[Data records]

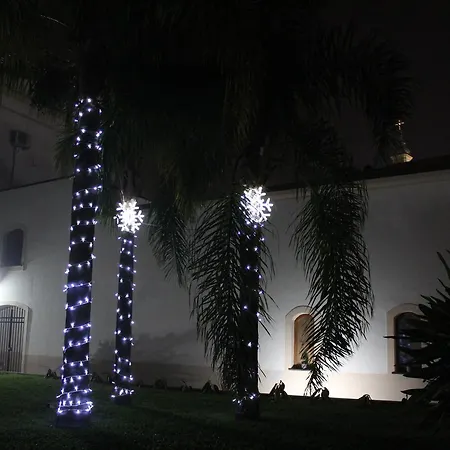 Hostal Deluxe Pompeya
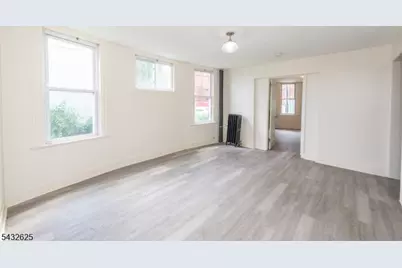 130 Milford Ave, Newark, NJ 07108 - Photo 20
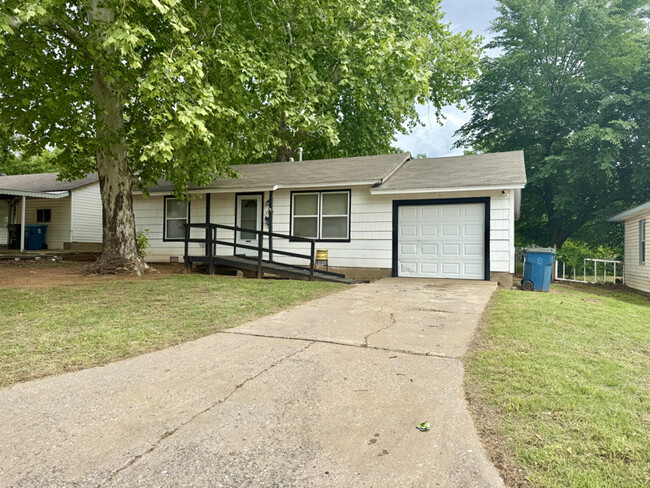 Photo - 1008 Locust Dr House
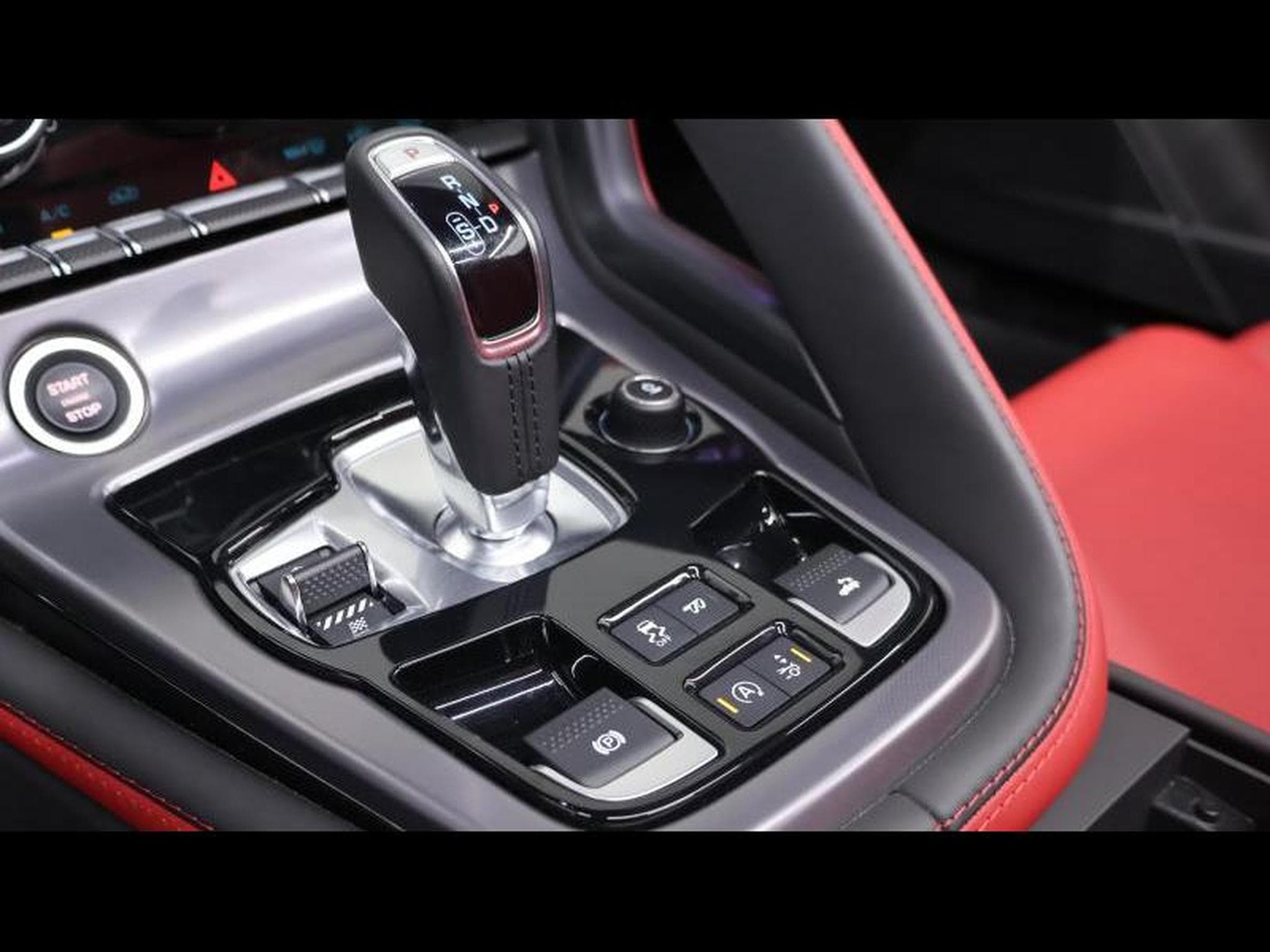 Jaguar F-Type R P575 Convertible Auto (2024) - Foto 29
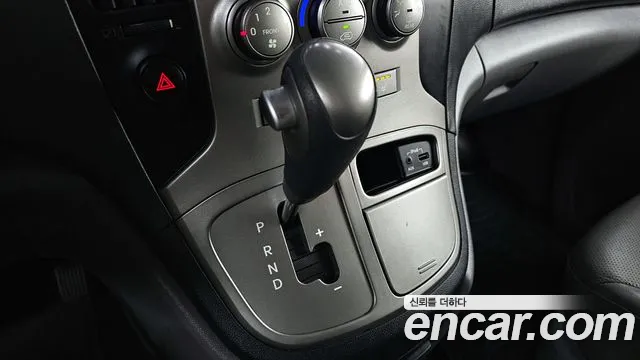 Hyundai Starex 2016 — фото 9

Exercise aim
Quote every entry exactly, with the pictures omitted.

Task result
 Hostal Deluxe Pompeya
 130 Milford Ave, Newark, NJ 07108 - Photo 20
 Photo - 1008 Locust Dr House
 Jaguar F-Type R P575 Convertible Auto (2024) - Foto 29
 Hyundai Starex 2016 — фото 9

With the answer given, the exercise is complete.